22/09/11 - Ennesima trasposizione del romanzo di Charlotte Bronte che nemmeno il talento di Michael Fassbender solleva dall'incertezza.

I romanzi delle sorelle Bronte sembrano tornati di moda, almeno al cinema: dopo le Cime tempestose di Emily, viste a Venezia per la regia di Andrea Arnold, arriva in sala Jane Eyre, trasposizione del celebre romanzo della sorella Charlotte, più e più volte portato al cinema (celebre la versione del ’43 con Orson Welles), stavolta ad opera del giovane Cary Joji Fukunaga. Ma il risultato, in questa occasione, non prende mai alcuna direzione coerente. La trama è arcinota: Jane è un’orfana maltrattata, cresciuta in un rigidissimo collegio che, quando esce, trova lavoro come istitutrice a casa dello scorbutico Rochester. Ma il rapporto di diffidenza tra i due diventerà presto una passione sconveniente. Moira Buffini adatta il romanzo tra melodramma e noir gotico, cercando di far emergere un certo spirito dickensiano, ma non riesce a rendere il film poco più che un’illustrazione.

All’inizio, infatti, il racconto comincia ostentando una certa “modernizzazione” del tocco, con flashback arditi e secchi, stacchi ellittici e uno stile mobile, nervoso, sporco, giocato sui fuori fuoco e la macchina a mano. Ma dopo nemmeno venti minuti, e non se ne capisce bene il perché, si assesta sia come narrazione, più piatta, tradizionale e non particolarmente avvincente, sia nello stile, che si fa sempre più vicino alle corrette trasposizioni BBC (che qui produce), eleganti, ma anche fredde. E queste indecisioni e incoerenze spengono i sussulti del film: il tema dell’uguaglianza sociale e affettiva non affiora, la regia perde la possibilità di avere una sua forma peculiare e il cuore nero della storia sembra affidato soltanto alla fotografia, tra l’altro molto bella, di Adriano Goldman.
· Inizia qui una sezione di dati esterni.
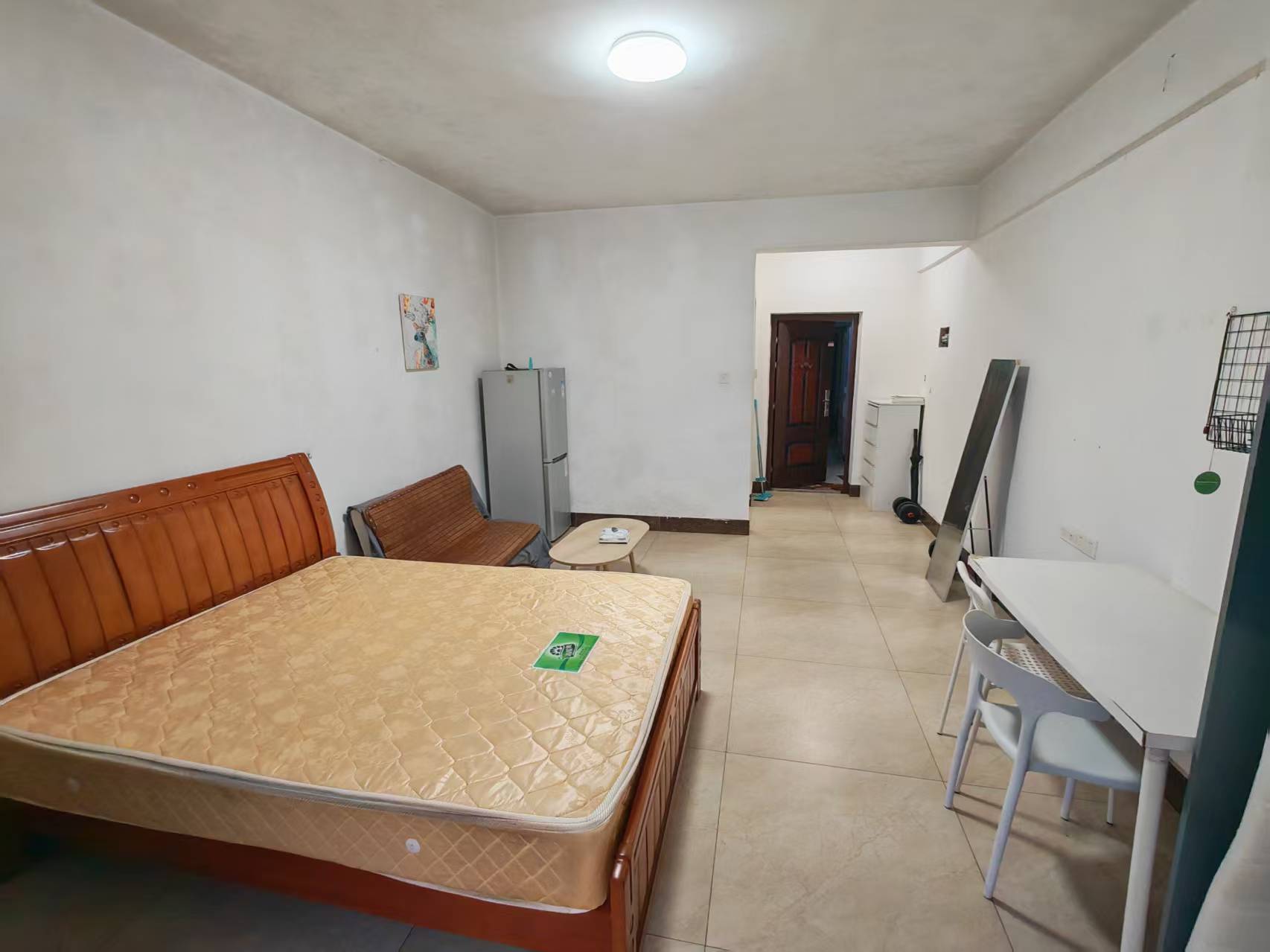 宝泰温泉花园 1室1厅1卫 1500.0元/月 宝泰温泉花园 1室1厅1卫 1500.0元/月室内图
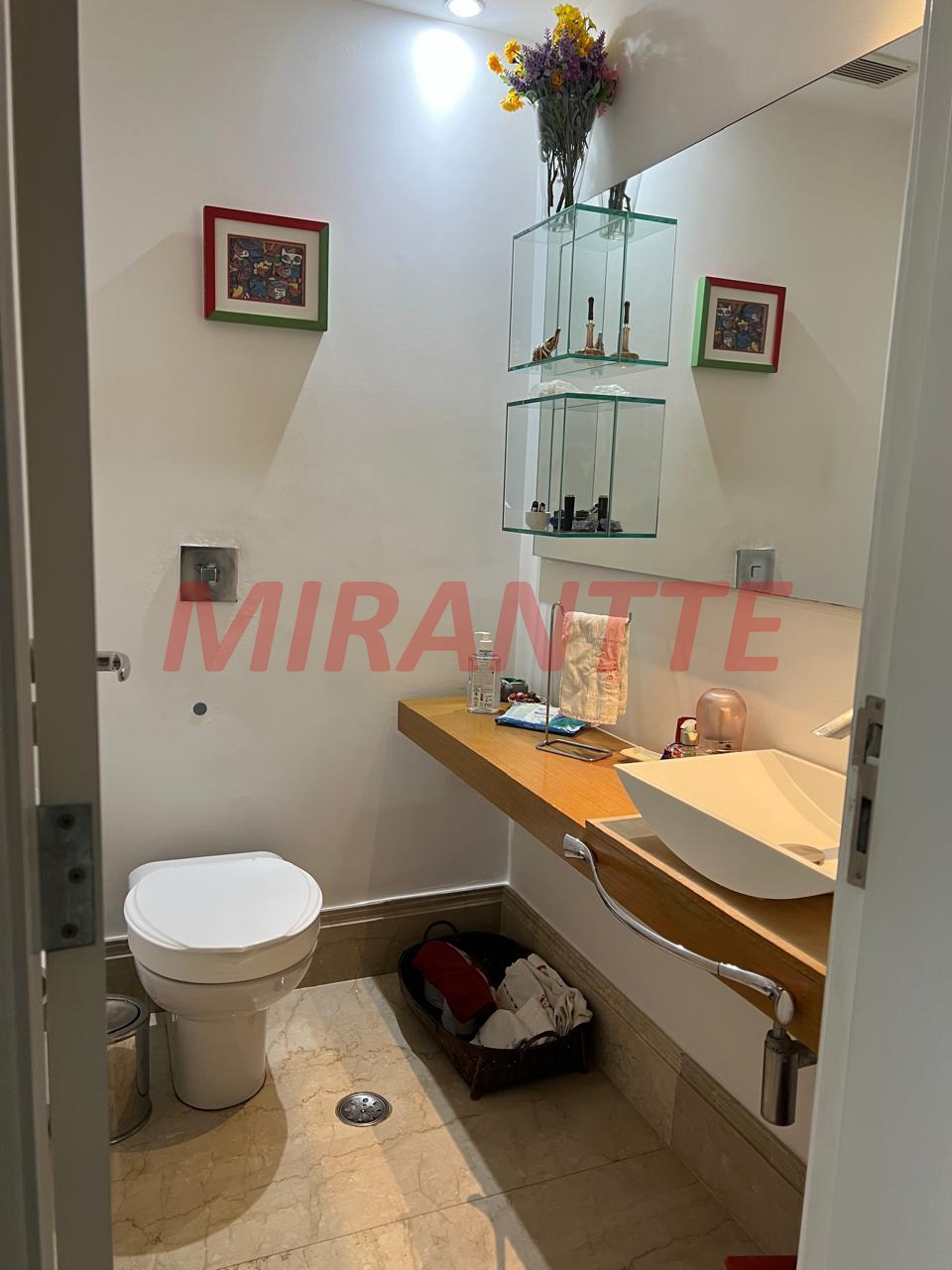 Apartamento de 220m² com 3 quartos em Santana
Nemmeno gli attori riescono a scaldare il cuore dello spettatore, e se Mia Wasikowska se la cava con sufficiente impeto, Michael Fassbender (dopo Shame, l’attore del momento) non rende la passione di Rochester come sarebbe richiesto. E spegnere il pathos e l’ossessione del romanzo, è una sorta di peccato mortale nei confronti dell’idea stessa del romanticismo, romanzesco e non.